Dès lors que celle-ci peut s'expliquer, entre autre, par d'éventuelles erreurs de réseau ou de branchement défectueux de compteurs, il est suffisamment établi par l'ASL dite « Le Clos des Sources » l'existence d'un motif légitime de voir se dérouler une mesure d'expertise judiciaire sur ledit réseau d'eau ».

L'expert a déposé son rapport définitif le 7 septembre 2018.

Par jugement contradictoire en date du 16 décembre 2019, le tribunal de grande instance de Grenoble a :

- condamné la SAS SAUR à payer à l'Association Syndicale Libre de l'ensemble immobilier le Clos des Sources, la somme de 8.558,55 euros, au titre de la facture du 6/12/2013, avec intérêt au taux légal à compter du 13/10/2015, et capitalisation des intérêts échus par année entière ;

- dit que la facture de 1.355,82 euros en date du 23 décembre 2014 n'est pas due par l'Association Syndicale Libre de l'ensemble immobilier le Clos des Sources à la SAS SAUR ;

- condamné la SAS SAUR à installer un compteur individuel au nom de l'Association Syndicale Libre de l'ensemble immobilier le Clos des Sources selon les modalités prévues par le règlement du service des eaux, tant pour l'installation que pour le financement ;

- condamné la SAS SAUR aux entiers dépens de l'instance ;

- accordé à la SCP B., M'B. et P., avocats, le bénéfice des dispositions de l'article 699 du code de procédure civile ;

- condamné la SAS SAUR à payer à l'Association Syndicale Libre de l'ensemble immobilier le Clos des Sources la somme de 2 500 euros au titre de l'article 700 du code de procédure civile ;

- débouté les parties de toute autre demande plus ample ou contraire ;

- ordonné l'exécution provisoire de la présente décision.

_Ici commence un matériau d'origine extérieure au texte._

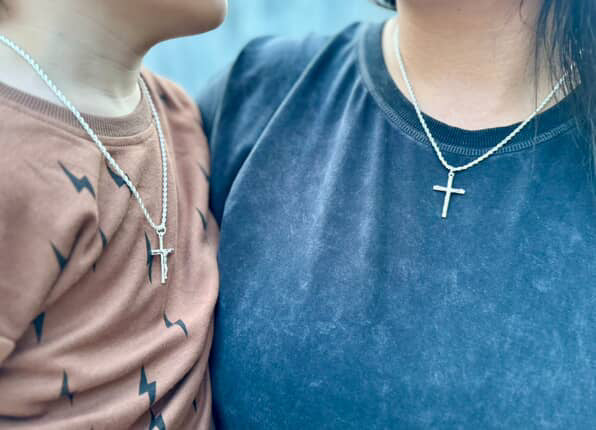 Sterling silver crucified cross necklace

Par déclaration en date du 13 mars 2020, la SAS SAUR a interjeté appel de la décision.

 

MOYENS ET PRÉTENTIONS DES PARTIES :

Par conclusions notifiées par voie électronique le 15 juin 2020, la SAS SAUR demande à la cour de :

- réformer en toutes ses dispositions le jugement entrepris ;

- ce faisant, débouter purement et simplement l'ASL Le Clos des Sources, prise en la personne de son président, de ses différentes demandes ;

- la condamner à payer à la SAS SAUR la somme de 1.355,82 euros au titre de la facture du 23 décembre 2014, avec intérêts au taux conventionnel à compter du 8 janvier 2015, date d'échéance de ladite facture, et capitalisation de ces intérêts ;

- condamner l'ASL Le Clos des Sources à payer à la société SAUR la somme de 4.000 euros au titre de l'article 700 du code de procédure civile ainsi qu'aux entiers dépens de première instance et d'appel ;

- débouter l'ASL Le Clos des Sources de toutes demandes, fins et prétentions contraires.

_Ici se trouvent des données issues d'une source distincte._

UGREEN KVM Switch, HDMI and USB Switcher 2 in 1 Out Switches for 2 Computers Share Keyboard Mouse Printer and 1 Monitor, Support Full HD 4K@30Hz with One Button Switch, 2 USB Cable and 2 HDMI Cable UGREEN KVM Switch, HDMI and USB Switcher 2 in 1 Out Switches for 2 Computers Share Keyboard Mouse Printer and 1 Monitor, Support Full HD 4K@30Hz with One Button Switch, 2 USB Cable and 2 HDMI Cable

Elle expose les éléments principaux suivants au soutien de ses écritures :

- elle rappelle les faits et la procédure ;

- elle rappelle aussi les dispositions du code général des collectivités territoriales en la matière ;

- la charge de la preuve d'une surconsommation incombe à celui qui l'invoque, comme celle d'une erreur de facturation ;

- en décembre 2012, le compteur, n° 0111618 était installé avec un index de départ à zéro ;

- ce compteur, conformément aux dispositions du règlement de service, est situé à l'entrée du périmètre de l'ASL, en propriété privée, à la limite du domaine public de façon à être accessible ;

- le compteur marque la séparation entre le réseau public d'une part, situé sur le domaine public, et le réseau privé d'autre part, situé sur le domaine privé, en l'occurrence les parcelles rattachées à l'ASL ;

- il résulte du rapport d'expertise judiciaire, comme d'ailleurs du rapport d'expertise amiable, que la configuration des ouvrages et installations situés sur le périmètre du lotissement Le Clos des Sources, sur les parcelles rattachées à l'ASL, et parallèlement sur la parcelle rattachée à l'OPAC38, liée aux travaux réalisés en 2011 et 2012, peut être critiquée ;

- pour autant, cette difficulté ne peut être imputée à la SAUR, extérieure aux travaux de constructions réalisés, aux opérations menées lors de l'édification des bâtiments, aux ouvrages édifiés sur ces terrains privés, outre aux relations entre les propriétaires des tènements immobiliers ;

- la SAS SAUR a pleinement respecté ses obligations au titre des services de l'eau en assurant la distribution de l'eau potable à l'ASL, à ses membres et à ses ayants droit, par le biais d'un compteur général installé à la limite entre le domaine public et le domaine privé.

[*]

Par conclusions notifiées par voie électronique le 3 septembre 2020, l'Association Syndicale Libre dite « Le Clos des Sources » demande à la cour de :

- dire et juger la SAUR recevable mais infondée en son appel ;

- confirmer le jugement entrepris dans toutes ses dispositions, sauf à faire droit à l'appel incident de l'ASL, et assortir de telle astreinte qu'il appartiendra, l'obligation faite à la SAUR d'installer un compteur propre à l'ASL ;

- condamner encore la SAUR à verser à l'ASL Le Clos des Sources la somme de 4.000 euros sur le fondement de l'article 700 du code de procédure civile ;

- condamner la SAUR aux entiers dépens de première instance et d'appel, incluant les frais d'expertise de Mme D., dont distraction au profit de la SCP B., M'B. & P., avocats.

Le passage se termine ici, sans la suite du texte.